According to a study presented at BritSpine (2–4 April, Warwick, UK) and published as an abstract in the European Spine Journal, there would be more than 50% missed or wrong targets if the treatment of facet joints was determined on computed tomography (CT) alone. Therefore hybrid single photon emission computed tomography (SPECT)/CT imaging could significantly improve the management of patients with low back pain as it is able to precisely localise metabolically active facet joints.
Study presenter Vittorio Russo (National Hospital for Neurology and Neurosurgery, London, UK) reported that there is little evidence to guide the use of SPECT/CT for low back pain and in particular, there are still limited data for its role in the management of facet joint arthropathy (a common cause low back pain). Therefore, Russo and colleagues correlated the degree of facet joint degeneration observed on CT scans with patterns of metabolic activity on SPECT /CT scans. They use the Pathria classification to assess facet joint degeneration on CT scans: grade 0, normal facet joint; grade 1, joint space narrowing; grade 2, narrowing and sclerosis or hypertrophy; grade 3, severe osteoarthrosis with narrowing, sclerosis, and formation of osteophytes. Of the 100 patients with low back pain evaluated in the study, 59 were female, the mean age was 56.2 years, and the mean Oswestry Disability Index score was 38.5%. Overall, 800 facet joints were analysed.
Russo reported that, according to the CT scan, 50% were grade 0–1 Pathria (normal or mild generative changes), 34% had were grade 2 (moderate changes), and 16% were grade 3 (severe degeneration).

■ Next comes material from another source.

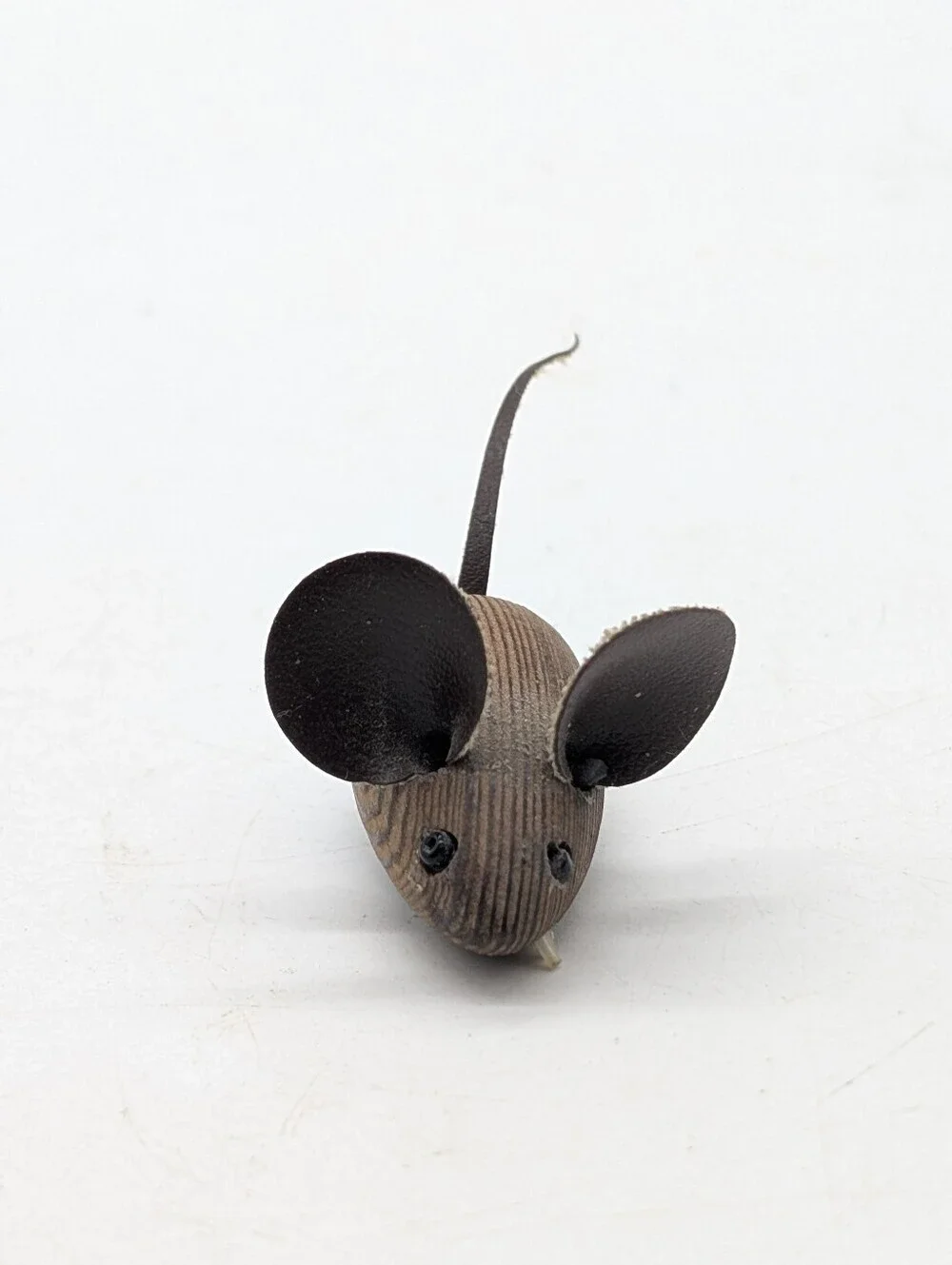 Vintage Mid Century Modern Danish Style Turned Wood Mouse Figurine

Fifty-one per cent of patients had scintigraphically active facet joints on hybrid SPECT/CT imaging—70% of the active facet joints on SPECT/CT were found at L4–5/L5–S1 levels. 57.3% of Pathria 3 grade facet joints were scinitgraphically active while 42.7% were quiescent on SPECT /CT; 2.5% and 9.2% of Pathria 0-1 and Pathria grade 2, respectively, were active. Therefore, 11.7% of normal-to-moderately degenerated facet joints (on CT) were “hot” on SPECT /CT imaging and 47.2% of severely degenerated facet joints were “not hot”.
Russo concluded that, based on results of the study, metabolic activity in the facet joint was “not always correlated” with the degree of facet joint degeneration. “The ability of hybrid SPECT/CT imaging to precisely localise metabolically active facet joints may provide significant improvements in the treatment of patients with low back pain. There would be more than 50% of ‘wrong or missed’ if considering treating facet joint arthropathy only on the basis of CT findings”, he noted.